Q7・ワルキューレって大尉じゃなかったっけ?

 たぶん出世したのね。


Q8・隻眼の誰かさんって?

 ぶっちゃけ、ザビーネ・シャルね。


Q9・北辰の部下

 烈風。劇場版で月臣君にぶっ飛ばされた人。

 潰風。14話で、機動兵器に横島君と同乗した人。

 旋風。詳細不明。

 闇風。詳細不明。

 乱風。詳細不明。女性。

 天風。北辰に絶対の忠誠を誓っていて、普段は穏やかだけど任務中は全ての感情を消し去ることができる女性よ。その変わり様から、「黒白(こくはく)の天風」と呼ばれているわ。・・・で、この元ネタが解る人は相当凄いと思うわ・・・。

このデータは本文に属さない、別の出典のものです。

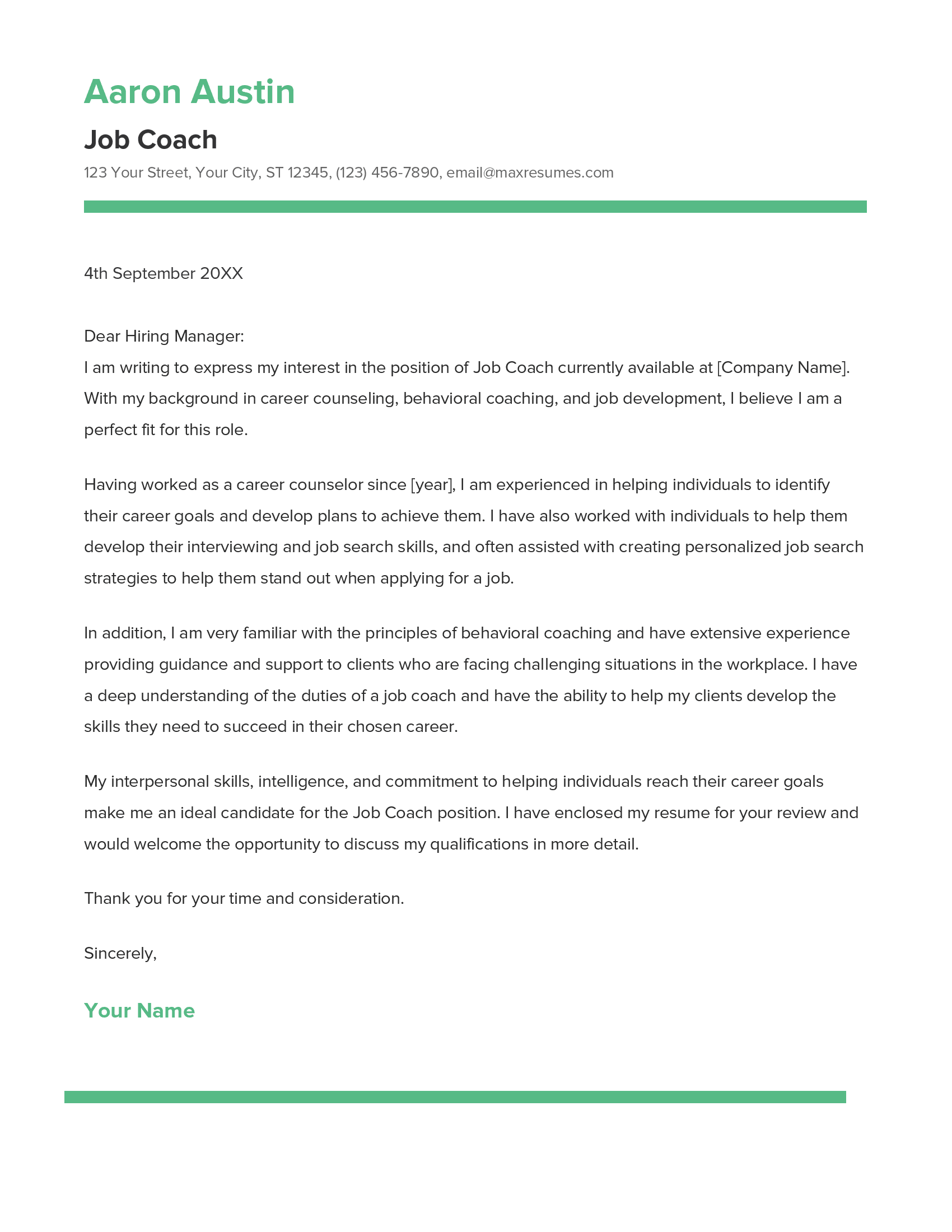 Job Coach Cover Letter Example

 あ、それとこの人たちは烈風以外はオリジナルで、以降の物語で出てくるかどうかまったく不明。って言うか出てこない?少なくとも予定には無いわ。








あとがき。

 あ〜・・・すいません。ずいぶんと遅れてしまいました。ではその言い訳をさせてもらいます。

言い訳1・実習中だった。
 夏休みに入った瞬間実習で、SSを書くひまがほとんどなかったんです。っていうか、夏休みのほうが急がしいってのはどうよ?

言い訳2・ネットに繋げなくなった。
 原因は不明ですが、ネットやメールといったものが一切使用不可となっていました。これが一番の理由。

言い訳3・修理に出していてSS自体書けなかった。
 文字通り。ハードディスクにも異常があったようです。

言い訳4・7月中旬はスランプだった。
 言い訳の余地なし。


 ・・・とまぁこんな感じです。これからも何かと忙しいと思いますので、投稿のペースが落ちるかも・・・なんとかペースは維持したいと思ってますが・・・itodaさん、榊さん、rotoさん、メールの返信が遅れ、真に申し訳ありませんでした。


 では作品の解説。

 今回、サブタイトルは「中年の見た流星」にしようと思いましたが断念(笑)。

 いやー長いですねー。前後編に分けた理由は、前半だけだと盛り上がらないかな?と勝手に思ったせいです。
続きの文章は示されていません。